Notice: This Wiki is now read only and edits are no longer possible. Please see: https://gitlab.eclipse.org/eclipsefdn/helpdesk/-/wikis/Wiki-shutdown-plan for the plan.
Equinox/p2/Proposals/Query Management and Optimization
Problem: Query and result sets are too tightly coupled.
Objective: Decouple the query from the results it returns
Goals:
- Allow those implementing IQueryable to implement optimized versions of the query
- Return results in a lazy / incremental way
See Bug 256418 for more information.
While p2 is designed to support alternate storage for things like IUs, providing optimized mechanisms for querying these locations is not currently possible. This is because the Query and the Results (Collector) are too tightly coupled and there is no guarantee about the semantics of a Query. This (working draft) proposal will help identify the current limitations and present concrete suggestions on how to address these issues.
This proposal contains five (5) work areas:
- Allow for composite queries. This includes both Querying the results of a previous query and composing several queries up front.
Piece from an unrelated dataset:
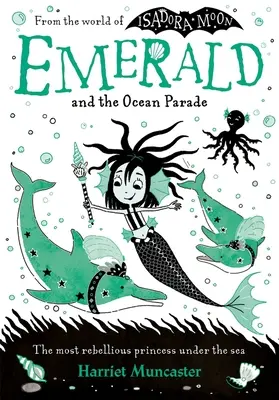 Smaragd a oceánsky sprievod: Diel 1 - Emerald and the Ocean Parade: Volume 1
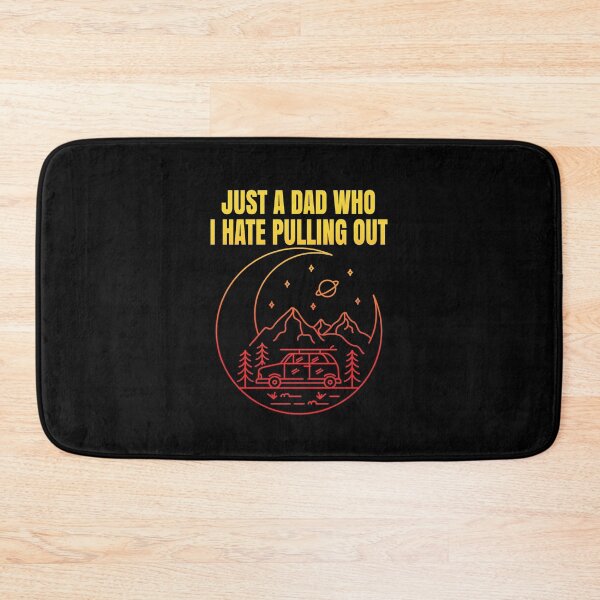 Item preview, Just A Dad Who Hates Pulling Out designed and sold by ELAB27.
- Remove the complexities surrounding collectors. Many collectors act as queries, hampering the repositories ability to create custom implementations
- Remove the requirement that the collector passed in is the collector returned (possibly even remove the collector argument to IQueryable)
- Define standard queries as "non-opaque" meaning repository implementers could supply custom implementations using SQL or some other knowledge about the "thing" being queried
- Design QueryResults (Collectors) as a Future, that is, something that can continually gather results and the caller can check available results, listen for results and get the results. This also includes QueryStatus,
Contents
Support Composite Queries
While p2 does have a compound query, this query does not work if the compounded queries require more context than "isMatch" can support. For example, queries that have overridden perform() will not work. To solve this, there are two things that should be done:
- Make the collectors themselves Queryable (Bug #260112)
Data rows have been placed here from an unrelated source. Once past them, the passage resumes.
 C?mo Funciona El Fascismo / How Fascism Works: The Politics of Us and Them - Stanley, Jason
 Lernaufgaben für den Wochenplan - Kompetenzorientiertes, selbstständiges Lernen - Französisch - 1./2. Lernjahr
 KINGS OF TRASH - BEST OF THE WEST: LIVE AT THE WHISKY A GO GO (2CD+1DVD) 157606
- Change CompoundQuery so the perform logic properly calls perform() on each Compounded Query (Bug 260012)
- Separate "IsMatchQueries" from "ContextQueries" (this also discussed in (Bug 260012)
Simplify the Collectors
Currently, many collectors have been implemented as "Queries". This means that the collectors have the logic of whether or not something should be included in the result set. This implementation allows collectors to essentially be used as "composite queries". This has a number of drawbacks, including:
- Query implementers cannot account for this when creating alternative query implementations.
- This adds complexity when trying to design asynchronous query results
- Limits reuse as some queries use the Query class isMatch method while other use the collector accept method.
To address this issue, we propose re-writing complex collectors (those that override the accept method), in terms of a Query. In particular, this affects:
- HasMatchCollector (This should be refactored into an Acceptor), not real query logic here
- LatestIUVersionCollector (Bug 261460)
- AvailableIUCollector (Bug 260950)
- LatestIUVersionElementCollector (Bug 260950)
- CategoryElementCollector (Bug 260950)
- InstalledIUCollector (Bug 260950)
- ProductQuery.Collector (This is a latestIU collector, it can be re-written to use CompositeCollector)
- IUPropertyUtils.localeFragmentCollector (Bug 262042)
- IUPropertyUtils.hostLocalizationCollector (Bug 262042)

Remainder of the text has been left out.